Una figura semplice dalla carità esemplare: il Beato Enrico da Bolzano è un boscaiolo analfabeta ma capace di insegnare a tutti ad amare.
Patrono dei boscaioli, dal lavoro che ha svolto per gran parte della sua vita, il Beato Enrico da Bolzano fu un uomo umile che raggiunse le vette della santità con il fuoco della carità che gli ardeva nel cuore. Nato in SudTirol, a Bolzano, nel 1250 apparteneva ad una povera e semplice famiglia e prese a lavorare nei boschi.
Era sposato e aveva un figlio e manteneva la famiglia facendo il boscaiolo. Grande lavoratore, la sua giornata iniziava presto e fino al tramonto era intento nella fatica del lavoro. Quello di spacca legna era un mestiere faticoso e anche rischioso perché i pericoli di un incidente erano sempre dietro l’angolo.
A quei tempi il bosco forniva uno dei pochi mezzi di sussistenza per le persone povere. Come ricorda il Martirologio Romano, Enrico, il cui nome originario era Arrigo, era analfabeta. Non aveva di certo potuto studiare e quindi non sapeva né leggere né scrivere.
Ad un certo punto della sua vita con la famiglia si trasferisce a vivere a Treviso, forse perché trova un lavoro più stabile. Nel giro di pochi anni due eventi luttuosi stravolgono la sua vita. Prima la moglie e poi il figlio muoiono e lui si ritrova completamente solo.
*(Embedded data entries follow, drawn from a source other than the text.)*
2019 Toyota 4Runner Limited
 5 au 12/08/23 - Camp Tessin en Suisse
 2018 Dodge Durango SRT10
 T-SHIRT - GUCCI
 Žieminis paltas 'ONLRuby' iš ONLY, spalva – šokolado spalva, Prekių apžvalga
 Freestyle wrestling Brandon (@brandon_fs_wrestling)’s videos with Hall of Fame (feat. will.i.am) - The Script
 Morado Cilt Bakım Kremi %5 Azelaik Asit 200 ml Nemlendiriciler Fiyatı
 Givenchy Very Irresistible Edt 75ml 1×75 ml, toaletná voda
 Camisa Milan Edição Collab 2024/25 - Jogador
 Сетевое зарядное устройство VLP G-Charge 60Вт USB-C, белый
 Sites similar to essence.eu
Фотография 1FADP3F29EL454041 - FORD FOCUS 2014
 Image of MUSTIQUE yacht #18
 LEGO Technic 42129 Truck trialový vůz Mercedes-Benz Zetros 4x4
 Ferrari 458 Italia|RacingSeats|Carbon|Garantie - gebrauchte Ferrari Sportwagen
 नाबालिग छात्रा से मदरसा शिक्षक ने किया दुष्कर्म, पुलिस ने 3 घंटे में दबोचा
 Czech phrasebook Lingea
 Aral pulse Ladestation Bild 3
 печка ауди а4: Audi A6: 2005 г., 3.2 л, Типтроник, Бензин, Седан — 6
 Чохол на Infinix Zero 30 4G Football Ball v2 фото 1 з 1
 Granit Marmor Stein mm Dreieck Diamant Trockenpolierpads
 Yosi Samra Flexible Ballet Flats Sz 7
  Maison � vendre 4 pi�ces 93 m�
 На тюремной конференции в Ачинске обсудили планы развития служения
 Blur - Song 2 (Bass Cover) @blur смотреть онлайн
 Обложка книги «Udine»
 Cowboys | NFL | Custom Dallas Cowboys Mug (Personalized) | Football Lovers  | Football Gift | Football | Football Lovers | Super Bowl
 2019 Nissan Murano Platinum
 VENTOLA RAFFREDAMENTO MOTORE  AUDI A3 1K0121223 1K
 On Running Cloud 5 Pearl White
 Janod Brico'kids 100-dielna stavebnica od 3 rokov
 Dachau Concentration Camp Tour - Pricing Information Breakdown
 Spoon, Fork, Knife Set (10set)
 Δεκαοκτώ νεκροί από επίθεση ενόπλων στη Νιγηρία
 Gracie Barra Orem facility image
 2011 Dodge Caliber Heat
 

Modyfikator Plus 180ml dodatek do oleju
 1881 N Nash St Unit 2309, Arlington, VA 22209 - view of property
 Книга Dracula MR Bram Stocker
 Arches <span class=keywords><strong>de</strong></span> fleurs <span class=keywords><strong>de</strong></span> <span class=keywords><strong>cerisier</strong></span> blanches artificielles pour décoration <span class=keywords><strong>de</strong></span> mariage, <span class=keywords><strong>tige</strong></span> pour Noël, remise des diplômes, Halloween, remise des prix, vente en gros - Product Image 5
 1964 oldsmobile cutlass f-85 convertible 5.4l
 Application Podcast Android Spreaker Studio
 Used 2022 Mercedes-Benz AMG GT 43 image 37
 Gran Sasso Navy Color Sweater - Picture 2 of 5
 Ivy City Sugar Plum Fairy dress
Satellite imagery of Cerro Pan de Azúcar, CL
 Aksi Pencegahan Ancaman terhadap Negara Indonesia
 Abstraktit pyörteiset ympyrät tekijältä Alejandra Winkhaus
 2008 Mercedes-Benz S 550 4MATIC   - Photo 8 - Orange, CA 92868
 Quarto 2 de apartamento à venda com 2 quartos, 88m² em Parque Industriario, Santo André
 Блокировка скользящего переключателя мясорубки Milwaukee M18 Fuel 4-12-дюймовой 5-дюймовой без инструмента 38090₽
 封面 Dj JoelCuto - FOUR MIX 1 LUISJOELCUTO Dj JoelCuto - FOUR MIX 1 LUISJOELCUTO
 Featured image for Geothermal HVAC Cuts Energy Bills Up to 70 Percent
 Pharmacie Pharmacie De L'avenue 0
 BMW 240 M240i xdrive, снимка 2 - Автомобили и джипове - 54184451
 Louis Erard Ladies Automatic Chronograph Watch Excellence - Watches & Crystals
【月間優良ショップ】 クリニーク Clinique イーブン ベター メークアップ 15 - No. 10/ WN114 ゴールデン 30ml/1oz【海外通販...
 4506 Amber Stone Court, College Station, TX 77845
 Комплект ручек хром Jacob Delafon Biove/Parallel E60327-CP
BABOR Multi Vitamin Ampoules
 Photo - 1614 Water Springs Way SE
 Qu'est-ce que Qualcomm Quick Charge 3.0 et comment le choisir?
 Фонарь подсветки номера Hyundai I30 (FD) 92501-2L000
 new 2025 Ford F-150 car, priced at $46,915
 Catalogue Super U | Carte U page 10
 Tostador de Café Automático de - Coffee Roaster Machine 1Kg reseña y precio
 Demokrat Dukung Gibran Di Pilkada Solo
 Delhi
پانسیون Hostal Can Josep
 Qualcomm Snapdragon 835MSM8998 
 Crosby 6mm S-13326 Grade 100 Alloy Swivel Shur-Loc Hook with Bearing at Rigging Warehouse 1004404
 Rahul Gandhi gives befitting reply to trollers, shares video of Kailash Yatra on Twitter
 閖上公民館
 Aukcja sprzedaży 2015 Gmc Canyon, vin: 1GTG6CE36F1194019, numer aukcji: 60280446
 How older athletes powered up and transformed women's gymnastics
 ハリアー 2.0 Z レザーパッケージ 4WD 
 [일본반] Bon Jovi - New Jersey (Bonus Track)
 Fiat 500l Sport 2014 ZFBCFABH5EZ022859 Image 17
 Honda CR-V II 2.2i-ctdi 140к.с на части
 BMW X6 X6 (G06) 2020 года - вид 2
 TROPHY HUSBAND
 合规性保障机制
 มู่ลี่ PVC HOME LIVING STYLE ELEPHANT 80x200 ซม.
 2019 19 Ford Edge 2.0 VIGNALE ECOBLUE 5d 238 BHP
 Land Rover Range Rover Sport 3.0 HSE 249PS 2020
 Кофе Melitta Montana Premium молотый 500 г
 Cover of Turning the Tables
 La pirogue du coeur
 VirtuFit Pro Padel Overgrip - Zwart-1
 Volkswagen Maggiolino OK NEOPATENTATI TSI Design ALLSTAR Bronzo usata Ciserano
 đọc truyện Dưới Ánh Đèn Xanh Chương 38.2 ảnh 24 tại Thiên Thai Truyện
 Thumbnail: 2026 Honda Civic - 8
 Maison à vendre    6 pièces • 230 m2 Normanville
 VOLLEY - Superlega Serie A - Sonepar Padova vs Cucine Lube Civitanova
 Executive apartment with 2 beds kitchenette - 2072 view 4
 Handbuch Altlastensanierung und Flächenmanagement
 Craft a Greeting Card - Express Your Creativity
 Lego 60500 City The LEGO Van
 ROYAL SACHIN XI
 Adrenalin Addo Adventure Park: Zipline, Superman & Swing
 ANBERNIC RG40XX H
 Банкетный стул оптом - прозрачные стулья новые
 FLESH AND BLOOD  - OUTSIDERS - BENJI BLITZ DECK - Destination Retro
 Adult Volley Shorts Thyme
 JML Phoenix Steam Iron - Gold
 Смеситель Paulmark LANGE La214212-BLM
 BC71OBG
La sua vita si trasforma: lascia il lavoro di boscaiolo e va a vivere presso la casa di un notaio che magnanimamente gli concede una piccola stanzetta in cui stare. Da lì in poi Enrico conduce una vita solitaria all’insegna della penitenze, in uno stile ascetico che mette in rilievo la sua grande umiltà.
Veste un semplice e ruvido saio e la preghiera e la contemplazione del Signore diventano la sua principale occupazione. Prega costantemente, lunghe ore, giorno e notte. Si reca in tutte le chiese del circondario per partecipare a tante messe. Ascolta con attenzione e fervore la Parola di Dio.
Per il suo sostentamento si adatta a svolgere i lavori più umili. Quel poco che guadagna però non lo tiene interamente per sé. La sua vita ha un’impronta fortemente caritatevole e sceglie di dividere con gli altri, i più poveri di lui, ciò che ha.
Il suo corpo si era trasformato: era piccolo di statura, tarchiato, con un viso dagli occhi incavati, lungo naso e bocca storta e spesso per la strada veniva deriso e insultato. Ma lui reagiva a questi gesti pregando per chi gli faceva del male.
Enrico da Bolzano nella sua vita in Veneto diventa un mendicante: chiede l’elemosina per sopravvivere e ne dona gran parte agli altri mendicanti come lui. La sua semplicità di vita, il suo amore per il prossimo, la fede che manifesta con una costante e accorata preghiera in una vita cristiana esemplare, accrescono la sua fama di santità.
Il 10 giugno 1315 improvvisamente viene ritrovato esanime nella sua piccola stanza, che era come la cella di un monastero. Tutti lo consideravano santo. Secondo quanto afferma la tradizione, alla sua morte le campane delle chiese intorno iniziano a suonare da sole. Questo fatto prodigioso ovviamente suscita stupore e meraviglia in tutta la zona.
La gente inizia a pregarlo chiedendo la sua intercessione e fioccano i miracoli. Si parla di oltre 346 guarigioni inspiegabili avvenute e confermate da testimoni negli anni dopo la sua morte. La sua tomba diventa luogo di pellegrinaggio e le persone giungono anche da molto lontano per venerare un personaggio che già si considera santo.
Il biografo di Enrico, Pier Domenico di Baone, che fu più tardi vescovo di Treviso è tra coloro che testimoniarono miracoli. Nell 1381 e nel 1712 avvennero delle ricognizioni della sua salma. Una reliquia fu portata a Bolzano nel 1759 ed è tuttora venerata nel duomo. Nelle diocesi venete e altoatesine sorsero alcune chiese a lui dedicate. Il culto del beato fu approvato da Benedetto XIV, per la diocesi di Treviso, e da Pio VII, per quella di Trento.